Data segment -
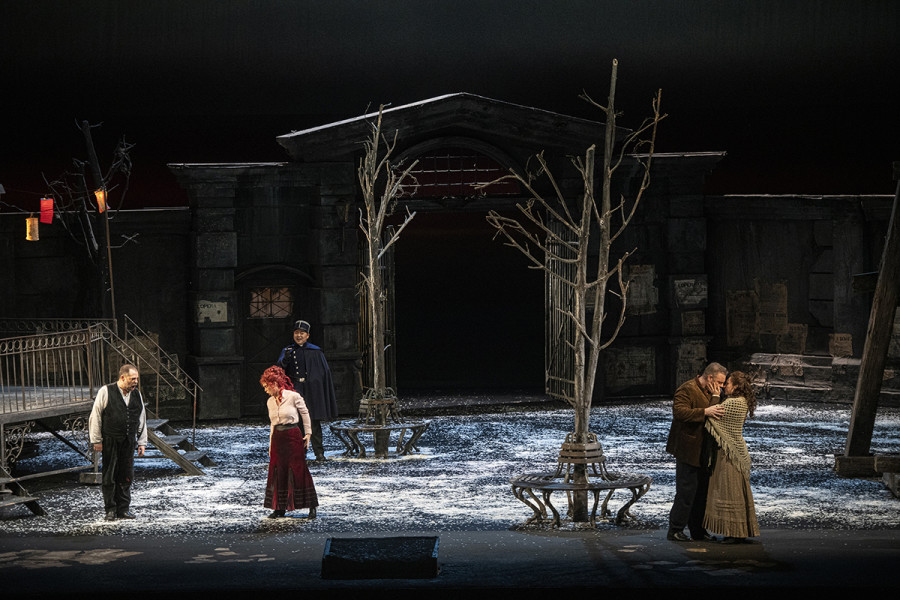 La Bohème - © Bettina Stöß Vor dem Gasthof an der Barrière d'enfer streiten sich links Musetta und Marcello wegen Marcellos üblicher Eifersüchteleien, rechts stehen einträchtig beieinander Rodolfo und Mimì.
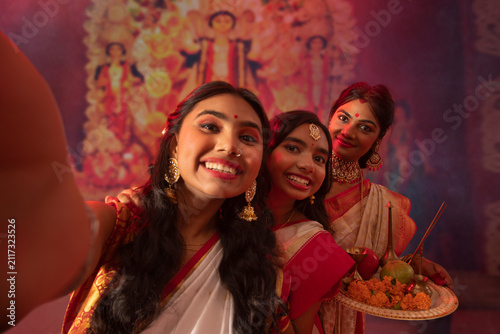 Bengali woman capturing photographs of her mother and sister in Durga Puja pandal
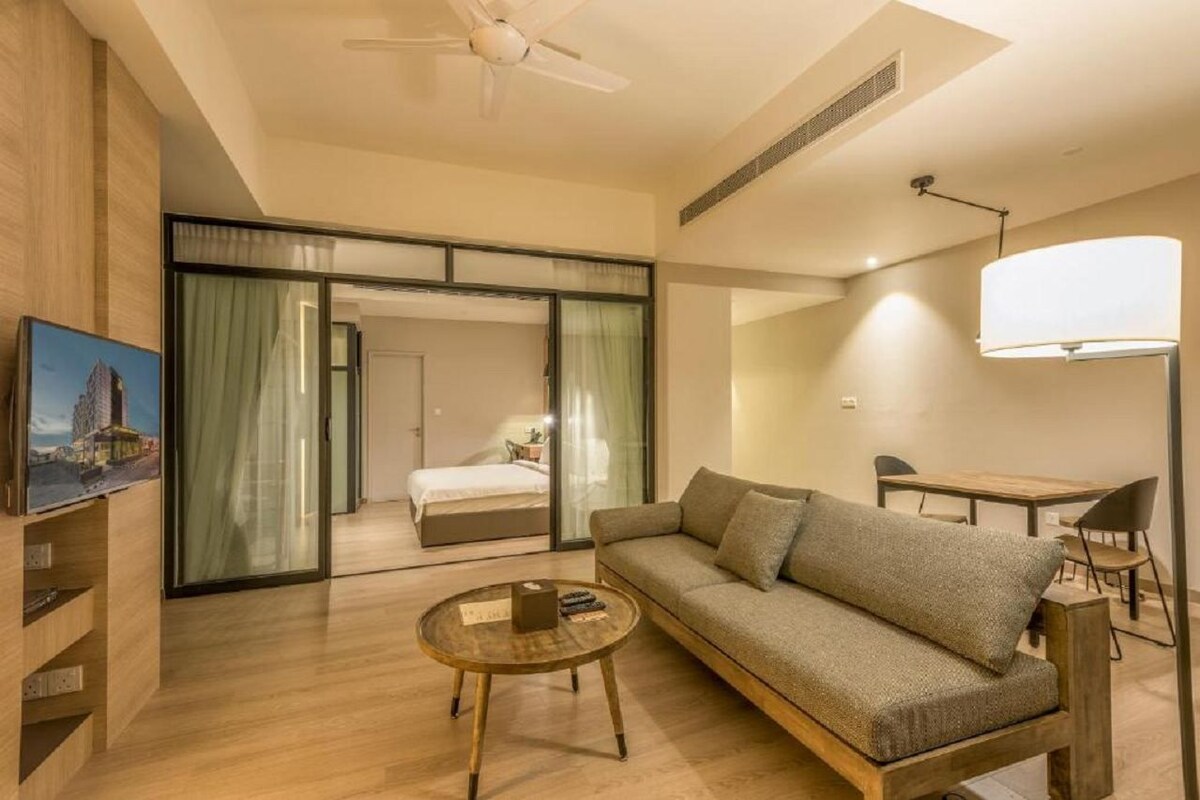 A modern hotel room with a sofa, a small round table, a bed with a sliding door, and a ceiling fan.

Problem to work on -
Your task is to set down each line above verbatim while excluding the pictures.

Response to this task -
 La Bohème - © Bettina Stöß Vor dem Gasthof an der Barrière d'enfer streiten sich links Musetta und Marcello wegen Marcellos üblicher Eifersüchteleien, rechts stehen einträchtig beieinander Rodolfo und Mimì.
 Bengali woman capturing photographs of her mother and sister in Durga Puja pandal
 A modern hotel room with a sofa, a small round table, a bed with a sliding door, and a ceiling fan.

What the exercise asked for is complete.